Bu öncelikle bu seçimlerde belirleyici olan başkanlık seçiminde böyledir. HDP başından itibaren bütün “demokrasi güçlerinin” ortak tek adayla cumhurbaşkanlığı seçimine girmesini, bunun seçimi birinci turda kazanmak için gerekli olduğunu savundu. Millet ittifakının HDP’nin de seçebileceği bir aday göstermesi halinde kendilerinin onu destekleyebileceğini açıkladı. Kılıçdaroğlu’nu destekleyebilecekleri sinyalleri verdi. 6’lı masada adaylar konusunda yürütülen tartışmaların uzadığı ve Kılıçdaroğlu’nun adaylığının tehlikede olduğu bir durumda, bu kez HDP’nin kendi adayını çıkarabileceğini duyurdu.
Maraş merkezli depremler nedeniyle HDP cumhurbaşkanı adayı çıkarma kararını yeniden gözden geçireceğini açıklayarak bekleyişini sürdürdü.
Millet İttifakı Kemal Kılıçdaroğlu’nu cumhurbaşkanı adayı gösterdikten sonra Kılıçdaroğlu’nun HDP’yi ziyaret etmesi beklendi. Sonuçta Kılıçdaroğlu mecliste HDP’yi ziyaret etti ve iki gün sonra Emek ve Özgürlük İttifakı Ankara’da düzenlediği basın toplantısında kararını açıkladı. “Cumhurbaşkanlığı seçimlerinde aday çıkarmayacağımızı kamuoyu ile paylaşıyoruz.” Aday çıkarmama kararı Millet İttifakı adayı Kılıçdaoğlu’nun desteklenmesi kararıdır.
Bizim Millet İttifakı kuyrukçusu bu siyasete destek vermemiz söz konusu değildir.
Parlamento seçimlerinde HDP’nin kapatılma tehdidi altında olduğu için Yeşiller ve Sol Gelecek Partisi ile girmesi meselenin özünü değiştirmiyor. Başkanlık seçiminde kendi tabanını egemenlerin bir bölümünün kuyruğuna takan bir partinin adaylarına oy vermek, verme çağrısı yapmak komünistlerin işi değildir.
HDP’nin niteliği
HDP sosyalist, devrimci bir parti değil. HDP reformist, küçük burjuva, burjuva demokrasisine en yakın olan, burjuva demokrasisi için mücadele eden bir partidir. HDP’yi faşist düzen partilerinden ayıran temel özellik, Kürt ulusal sorunundaki demokrat tavrıdır.

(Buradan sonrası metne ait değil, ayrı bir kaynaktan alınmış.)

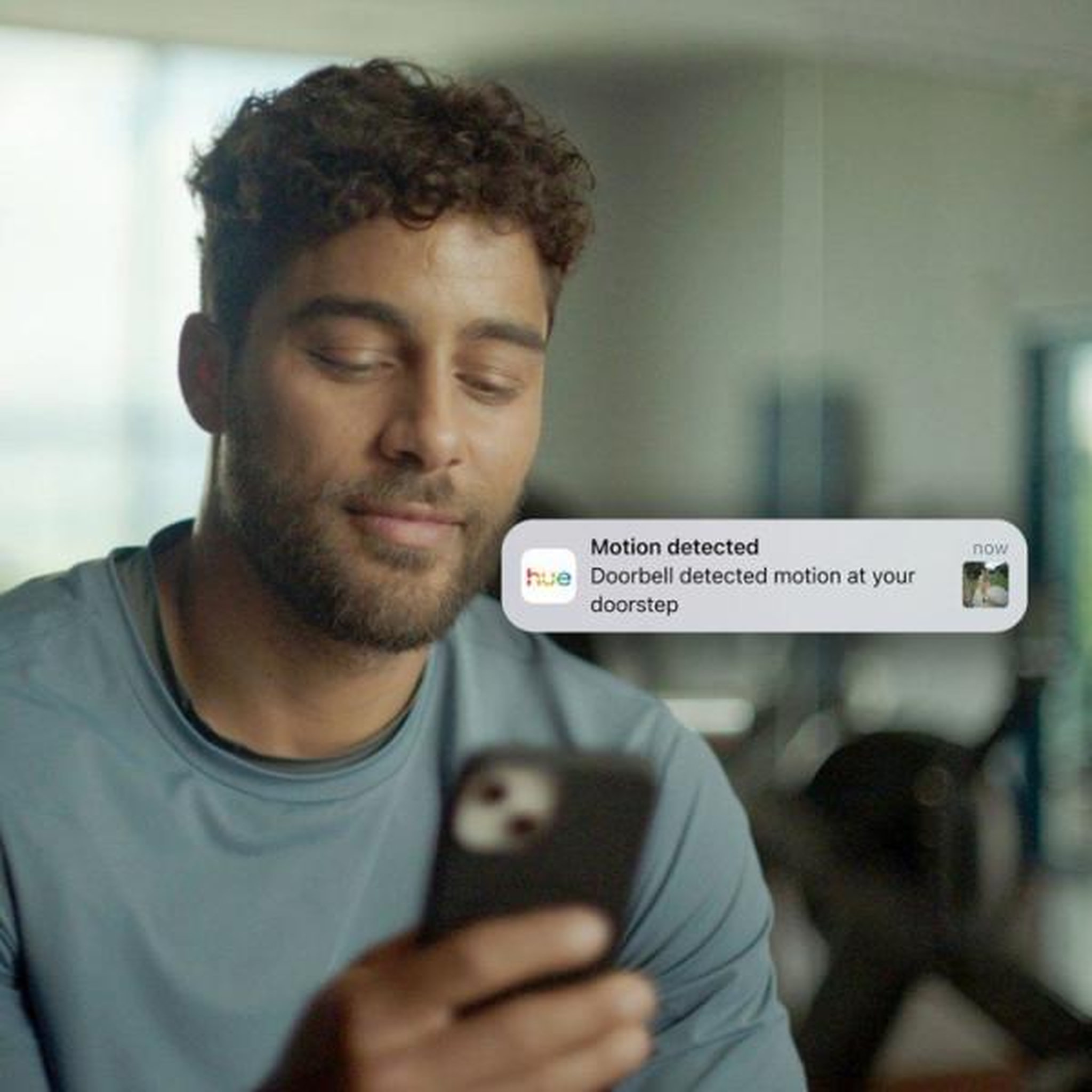Voir la diapositive 6 : PHILIPS HUE Sonnette vidéo SECURE filaire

HDP kapitalizme karşı olmadığı, kapitalizmi yıkma hedefi olmadığı için reformist düzen partisidir.
HDP faşizmi andaki hükümetin işi olarak görüyor. Faşizme karşı mücadeleyi AKP/MHP faşizmine karşı, onun da ötesinde “saray rejimine karşı”, Erdoğan’ın “tek adam diktatörlüğüne karşı” mücadeleye indirgiyor.
Düzenin kabul etmediği, ama kendisi gelinen yerde ısrarla düzen partisi olmak isteyen, iktidar olacağını, iktidar ortağı olduğunu ve olacağını söyleyen bir HDP var. Kendisinin iktidar olma şansı olmayan ve fakat bugünkü şartlarda Millet İttifakı’nın iktidar olmasını sağlayacak konumda olan HDP var.
Biz HDP’ye yönelik bütün baskılarda, onun yanındayız. HDP’ye destek veriyoruz, veririz. HDP’nin seçimlerdeki yanlış tavrını desteklemek ise başka bir şeydir.